WHAT TO WORK ON: Among the entries, how many lines hold the word "фото"? Respond with that number only.

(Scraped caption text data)
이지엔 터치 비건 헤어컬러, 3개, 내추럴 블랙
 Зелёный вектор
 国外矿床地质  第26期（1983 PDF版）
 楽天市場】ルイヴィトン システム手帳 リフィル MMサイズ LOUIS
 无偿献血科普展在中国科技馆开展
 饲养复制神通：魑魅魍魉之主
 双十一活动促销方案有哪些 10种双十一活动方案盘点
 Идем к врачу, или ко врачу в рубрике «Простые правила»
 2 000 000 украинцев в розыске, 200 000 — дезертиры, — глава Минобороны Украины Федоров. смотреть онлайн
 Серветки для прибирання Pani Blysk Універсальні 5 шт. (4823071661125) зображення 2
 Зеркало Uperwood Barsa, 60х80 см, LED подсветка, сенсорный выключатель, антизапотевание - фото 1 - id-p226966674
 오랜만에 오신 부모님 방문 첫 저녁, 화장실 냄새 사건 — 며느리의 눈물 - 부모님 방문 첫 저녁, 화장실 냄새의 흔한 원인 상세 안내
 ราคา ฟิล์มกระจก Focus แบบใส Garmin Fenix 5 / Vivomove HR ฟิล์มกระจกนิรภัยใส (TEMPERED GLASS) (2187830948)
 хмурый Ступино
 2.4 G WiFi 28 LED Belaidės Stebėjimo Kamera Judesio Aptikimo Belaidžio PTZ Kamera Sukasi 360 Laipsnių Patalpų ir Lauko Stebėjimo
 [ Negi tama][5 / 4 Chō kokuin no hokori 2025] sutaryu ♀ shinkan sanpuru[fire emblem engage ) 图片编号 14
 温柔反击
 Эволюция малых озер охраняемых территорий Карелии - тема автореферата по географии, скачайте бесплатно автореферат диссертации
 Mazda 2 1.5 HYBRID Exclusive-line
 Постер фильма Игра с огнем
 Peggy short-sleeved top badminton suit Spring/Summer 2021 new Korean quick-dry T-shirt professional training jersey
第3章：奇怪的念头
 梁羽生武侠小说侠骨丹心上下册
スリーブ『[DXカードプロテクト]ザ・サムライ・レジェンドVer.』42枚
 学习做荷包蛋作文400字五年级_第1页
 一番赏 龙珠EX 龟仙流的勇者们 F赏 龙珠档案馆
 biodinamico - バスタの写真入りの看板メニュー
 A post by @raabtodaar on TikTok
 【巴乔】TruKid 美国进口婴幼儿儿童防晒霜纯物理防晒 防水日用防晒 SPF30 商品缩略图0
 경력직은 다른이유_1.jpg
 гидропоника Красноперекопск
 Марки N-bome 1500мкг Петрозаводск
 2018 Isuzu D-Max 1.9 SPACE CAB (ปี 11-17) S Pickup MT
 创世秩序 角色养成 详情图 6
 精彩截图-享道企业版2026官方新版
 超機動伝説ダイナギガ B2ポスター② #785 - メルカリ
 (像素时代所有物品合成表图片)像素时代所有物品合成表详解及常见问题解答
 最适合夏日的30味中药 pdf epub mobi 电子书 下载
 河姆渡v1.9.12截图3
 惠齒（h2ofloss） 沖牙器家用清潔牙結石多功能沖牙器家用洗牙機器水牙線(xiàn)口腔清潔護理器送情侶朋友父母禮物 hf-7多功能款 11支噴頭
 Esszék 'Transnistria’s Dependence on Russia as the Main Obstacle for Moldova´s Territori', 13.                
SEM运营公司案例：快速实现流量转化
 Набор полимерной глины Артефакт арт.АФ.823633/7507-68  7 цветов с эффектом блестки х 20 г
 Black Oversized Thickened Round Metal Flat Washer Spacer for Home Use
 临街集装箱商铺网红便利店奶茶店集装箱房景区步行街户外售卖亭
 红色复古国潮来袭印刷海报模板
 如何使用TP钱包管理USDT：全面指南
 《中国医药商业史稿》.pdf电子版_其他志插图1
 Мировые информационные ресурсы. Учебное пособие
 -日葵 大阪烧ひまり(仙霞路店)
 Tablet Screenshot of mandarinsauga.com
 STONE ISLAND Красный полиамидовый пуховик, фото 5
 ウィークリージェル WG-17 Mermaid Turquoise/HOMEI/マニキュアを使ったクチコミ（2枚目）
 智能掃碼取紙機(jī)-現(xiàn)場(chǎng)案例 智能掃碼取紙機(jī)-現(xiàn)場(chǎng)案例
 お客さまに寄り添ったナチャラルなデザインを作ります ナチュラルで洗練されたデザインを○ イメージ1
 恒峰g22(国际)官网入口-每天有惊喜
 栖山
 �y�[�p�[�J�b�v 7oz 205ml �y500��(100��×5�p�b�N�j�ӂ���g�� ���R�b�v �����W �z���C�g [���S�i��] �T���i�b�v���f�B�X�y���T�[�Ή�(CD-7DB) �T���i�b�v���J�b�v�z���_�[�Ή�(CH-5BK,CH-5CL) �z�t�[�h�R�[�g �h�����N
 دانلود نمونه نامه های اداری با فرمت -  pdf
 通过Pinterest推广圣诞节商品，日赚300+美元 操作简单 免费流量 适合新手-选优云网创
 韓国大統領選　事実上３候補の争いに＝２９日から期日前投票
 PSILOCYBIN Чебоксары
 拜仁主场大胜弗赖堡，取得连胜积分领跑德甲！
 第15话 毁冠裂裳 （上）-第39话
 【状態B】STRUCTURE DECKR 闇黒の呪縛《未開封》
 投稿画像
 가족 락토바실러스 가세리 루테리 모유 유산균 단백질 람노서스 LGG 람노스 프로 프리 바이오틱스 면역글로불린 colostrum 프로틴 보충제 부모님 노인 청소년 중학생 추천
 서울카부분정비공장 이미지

EXERCISE ANSWER: 2